In the mid to late 1940's when inflation started strongly pulsing through the system, Treasury investors largely ignored the data for the sake of the safe haven shores of the Treasury market. Friedman described this dynamic between inflation and the bond and equity markets in the following excepts from A Monetary History of the United States.

...That factor was a continued fear of a major contraction and a continued belief that prices were destined to fall. A rise in prices can have diametrically opposite effects on desired money balances depending on its effect on expectations. If it is interpreted as the harbinger of further rises, it raise the anticipated cost of holding money and leads people to desire lower balances relative to income than they otherwise would. In our view, that was the effect of prices rises in 1950 and again in 1955 to 1957. On the other hand, if a rise in prices is interpreted as a temporary rise due to be reversed, as a harbinger of a likely subsequent decline, it lowers the anticipated cost of holding money and leads people to desire higher balances relative to income than they otherwise would. In our view, that was the effect of the price rises in 1946 to 1948. An important piece of evidence in support of this view is the harbinger of yields on common stocks by comparison with bond yields. A shift in widely-held expectations toward a belief that prices are destined to rise more rapidly will tend to produce a jail in stock yields relative to bond yields because of the hedge which stocks provide agains inflation. That was precisely what happened from 1950 to 1951 and again from 1955 to 1957. A shift in widely-held expectations toward a belief that prices are destined to fall instead of rise or to fall more sharply will tend to have the opposite effect - which is precisely what happened from 1946 to 1948. Despite the extent to which the public and government officials were exercised about inflation, the public acted from 1946 to 1948 as if it expected deflation...
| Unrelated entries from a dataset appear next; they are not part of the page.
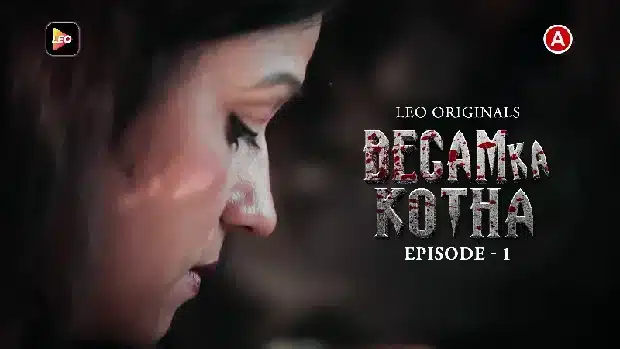 Begam-Ka-Kotha-S01E01-2023-Leo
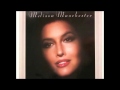 07 Whenever I Call You Friend - Melissa Manchester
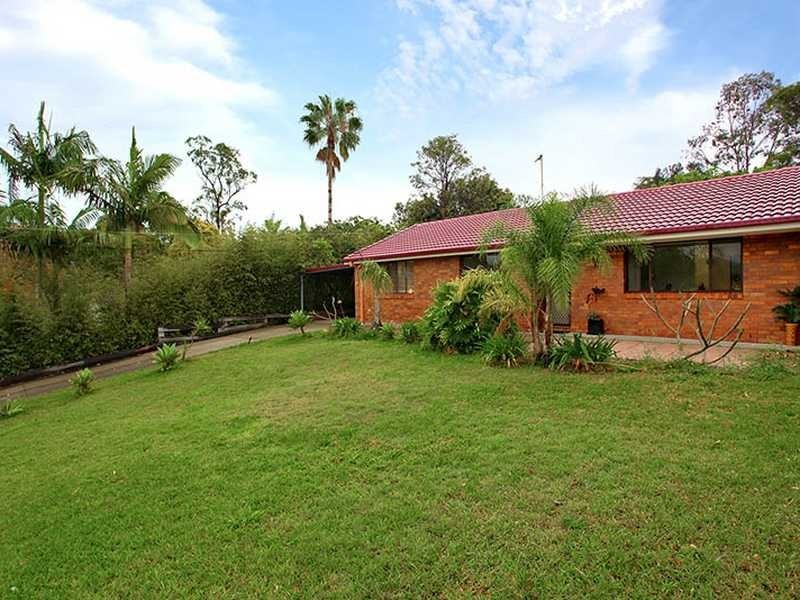 96 Cobai Drive, Mudgeeraba QLD 4213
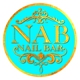 NAB Nail Bar – Best Nail Salon Las Vegas and Eyelash Extensions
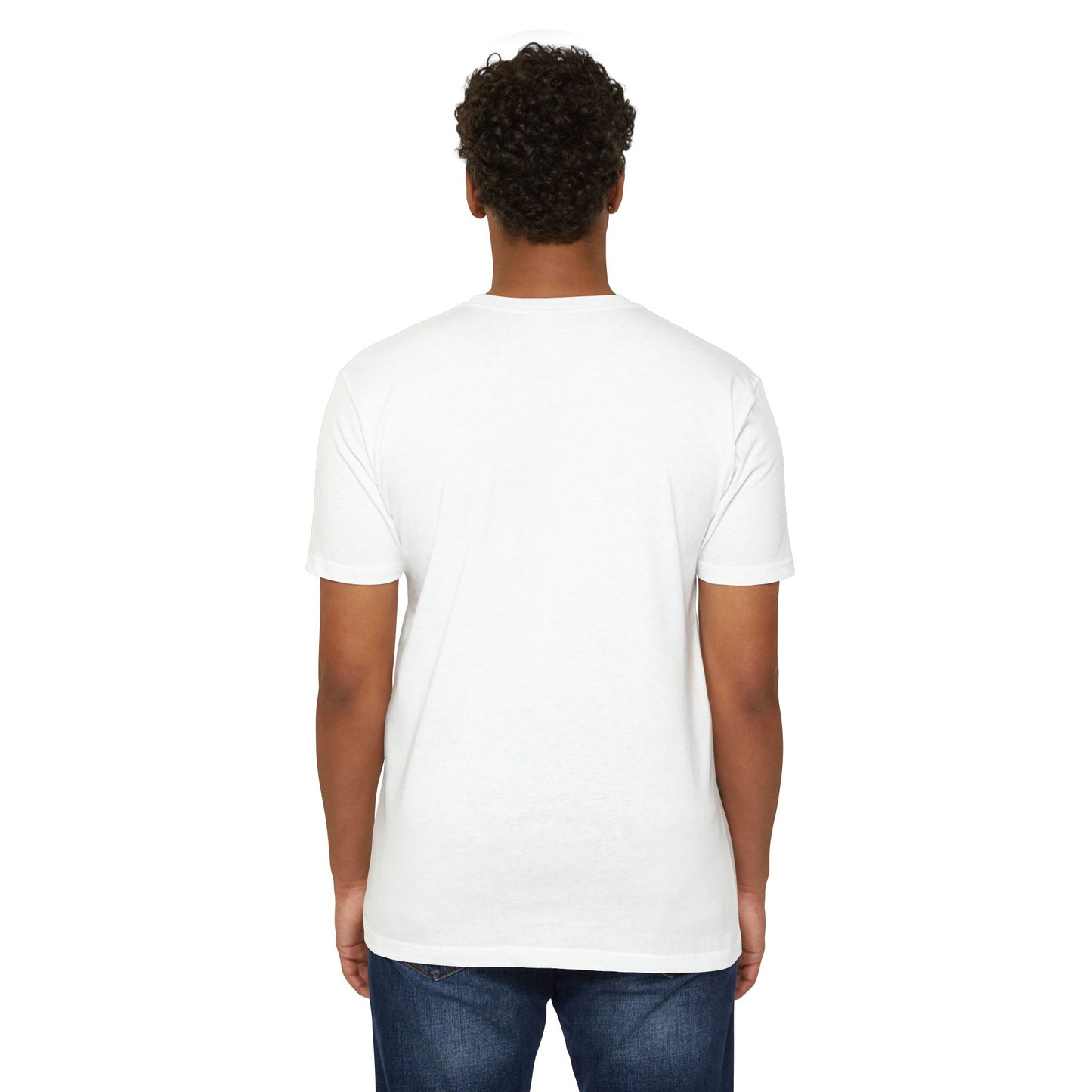 STND Men's Classic Tee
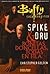 Buffy cazavampiros: Spike & Dru: Bonitas doncellas, todas en fila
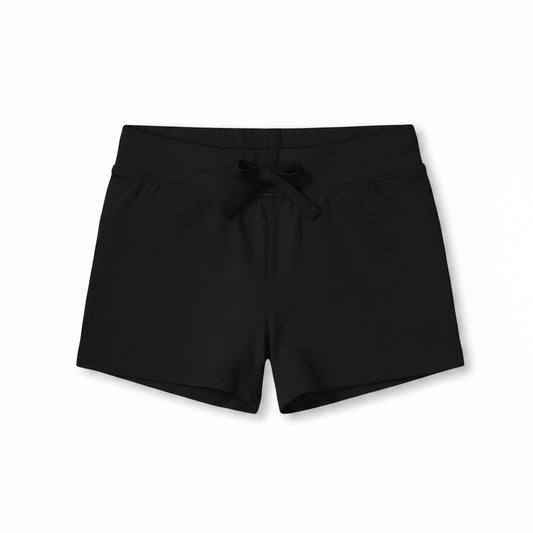 Pepperts!® Girls Short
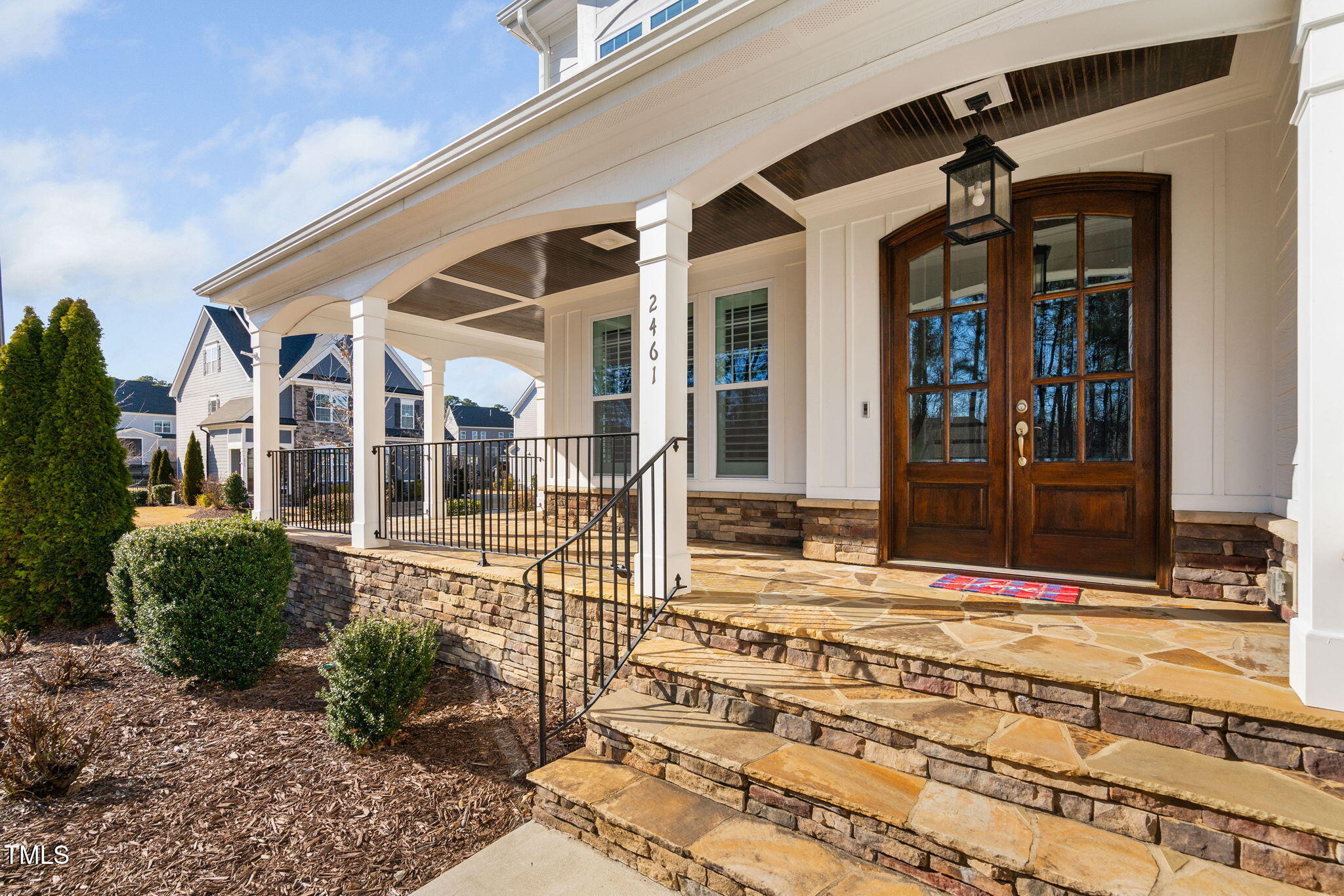 2461 Stonehenge Park Drive Raleigh, NC 27613 - Photo 59 of 72 36-web-or-mls-2461-stonehenge-park-dr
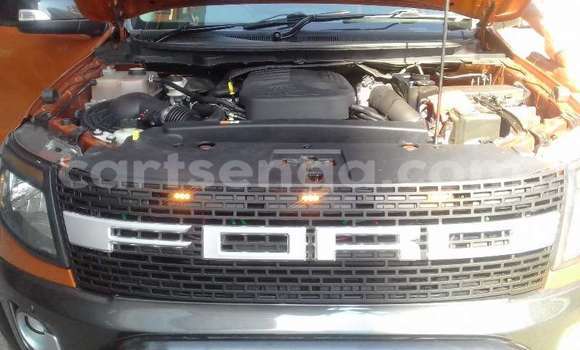 Acheter Occasion Voiture Ford Ranger Autre à Ezulwini, Hhohho Acheter Occasion Voiture Ford Ranger Autre à Ezulwini, Hhohho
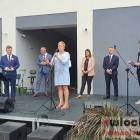 zdjęcie nr 18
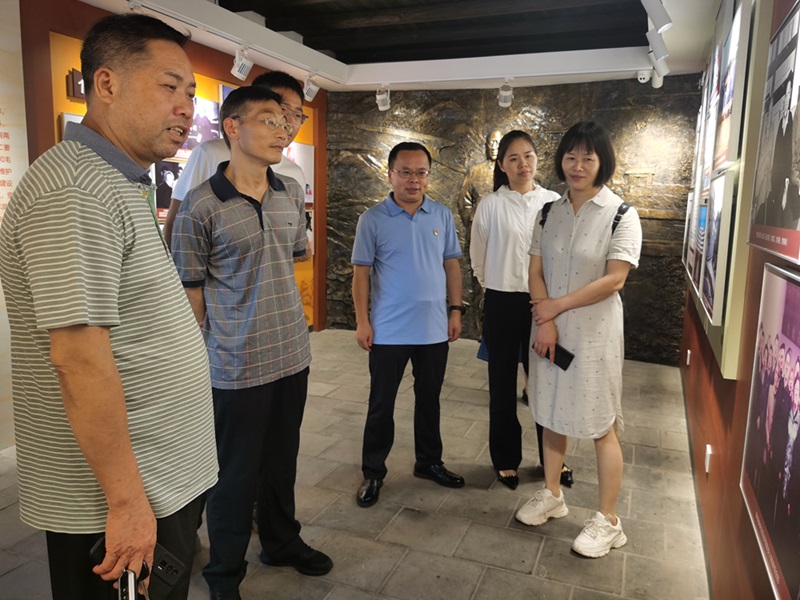 微信图片_20240624175100.jpg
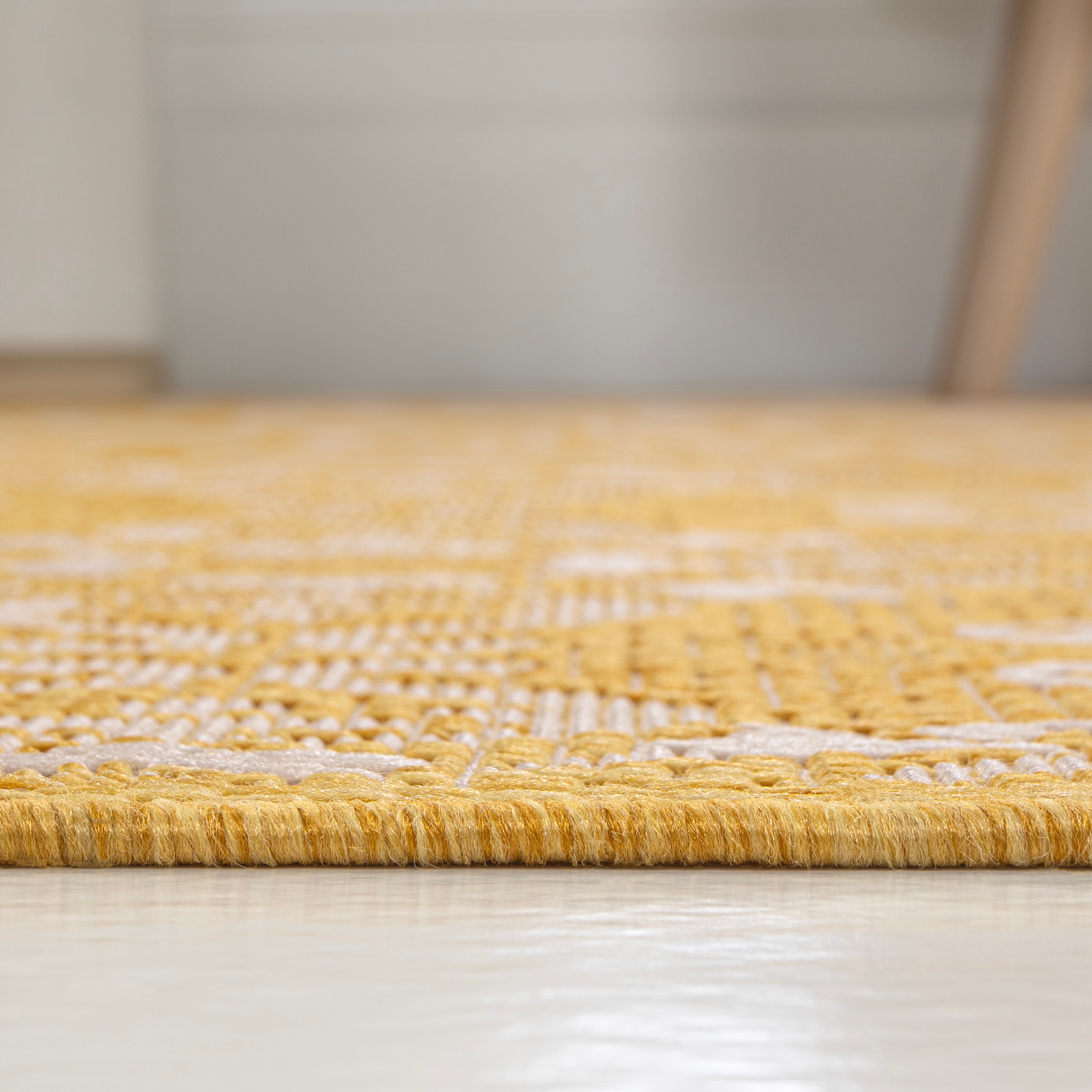 JONATHAN  Y TSN206C-3 rugs - View #7
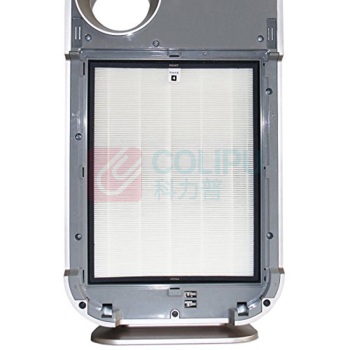 飞利浦 PHILIPS 空气净化器活性炭滤网 AC4144/00 【配件】(适用于AC4072、AC4084、AC4014)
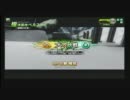 【Ｓ５】⑨【大攻防戦】その１
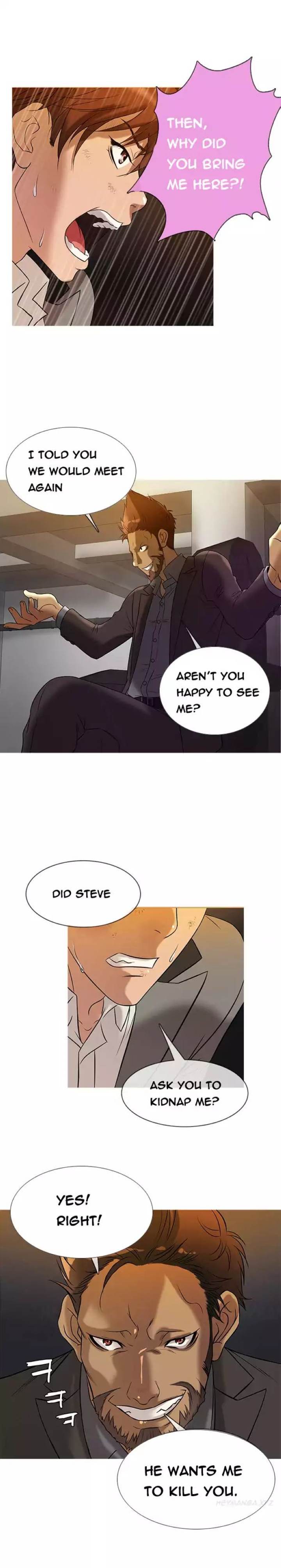 Heaven - Chapter 26 Page 13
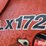 2003-case-ih-mxm175-image-10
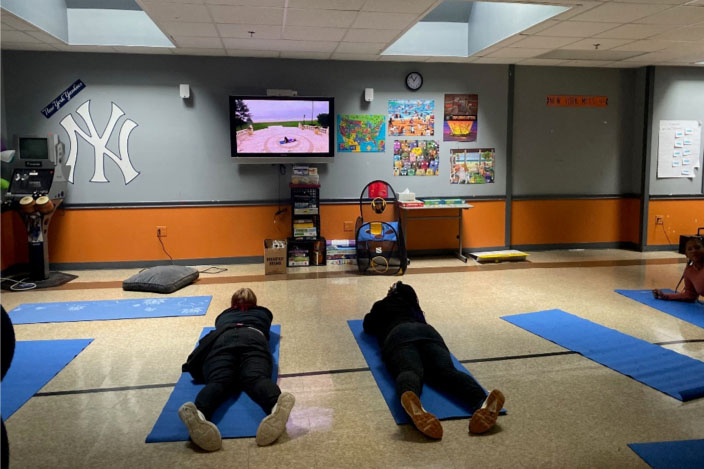 HRS_NewLondon_Relaxation_1019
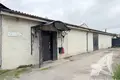 Produktion 240 m² Brest, Belarus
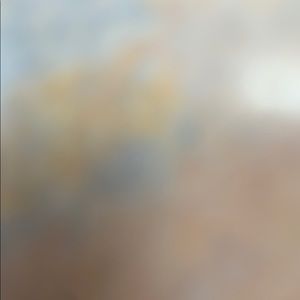 Meet your Posher, Andy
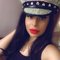 queen-malika1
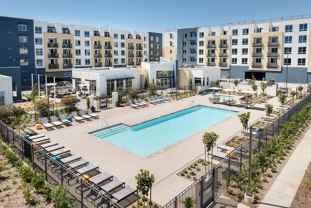 The Galloway - Photo 1 of 1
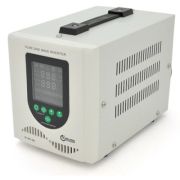 Пристрій безперебійного живлення Europower (EP-MPS-800/12)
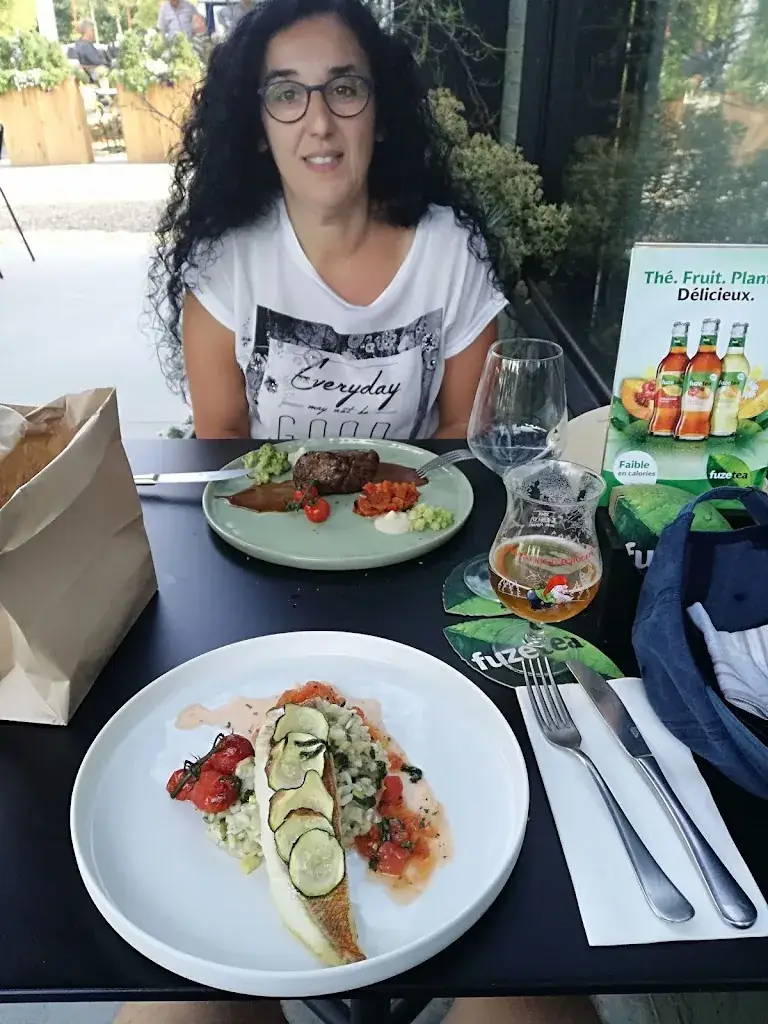 Menu_K-Kanne Resto_Riemst_image_7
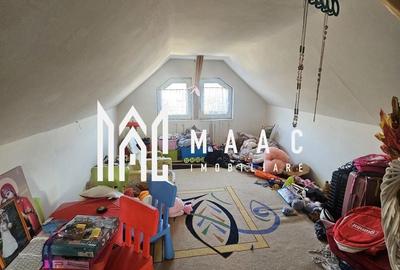 Casă individuală cu 5 camere cu Teren 450 Mp în Piața Cluj - 23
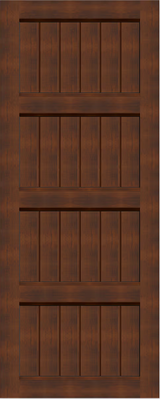 Elite Aluminium XE24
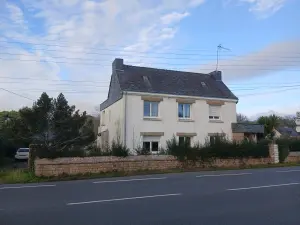 Maison a vendre Moëlan-sur-Mer 29350 Finistère 29 180 m2 502860 euros 56075-2498 001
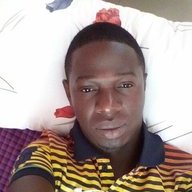 Sylivester Boniventure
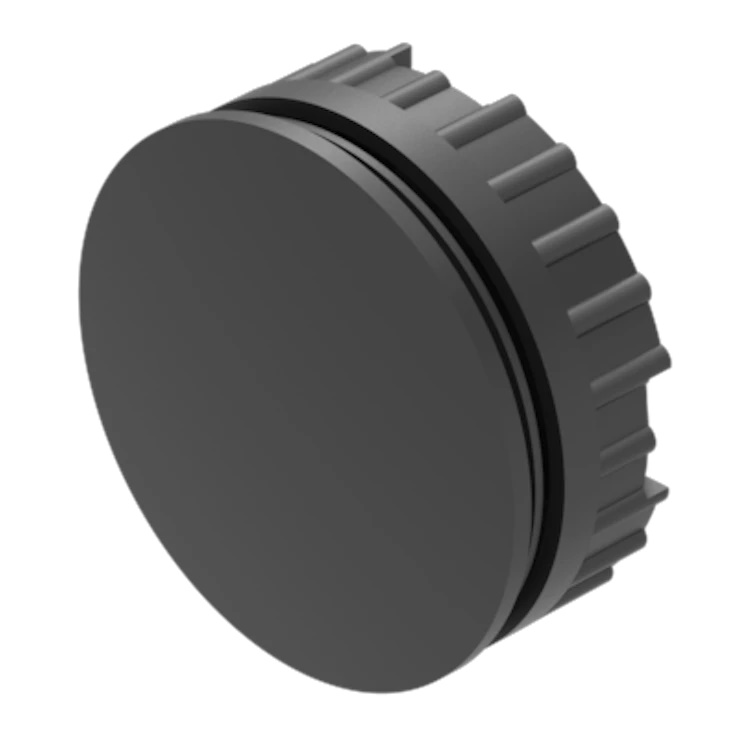 EAO 704.964.8 electronic component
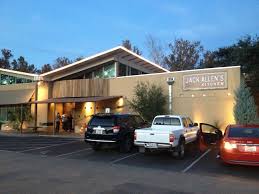 Lake Travis Area Restaurants Jack Allen S Kitchen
Although a contraction in the US equity markets has so far failed to materialize, we do expect one to gain traction as the Fed steps further away from their extraordinary measures this fall. Similar to expectations in the mid to late 1940's, we anticipate that investors will continue to support the Treasury market even in the face of inflation - as the broader underlying skepticism of their collective anxieties will finally be realized when equity market conditions pivot lower without extraneous assistance. A self-fulling prophesy indeed - and one that we expect will lead the current bubble prognosticators to extend themselves another link of rope, just as market expectations normalize in the wake of extraordinary support. In the meantime, we continue to like long-term Treasuries and the commodity markets relative to equities - headlined by the precious metals sector that should receive a disproportionate bidding as inflation seeps and the equity markets stumble.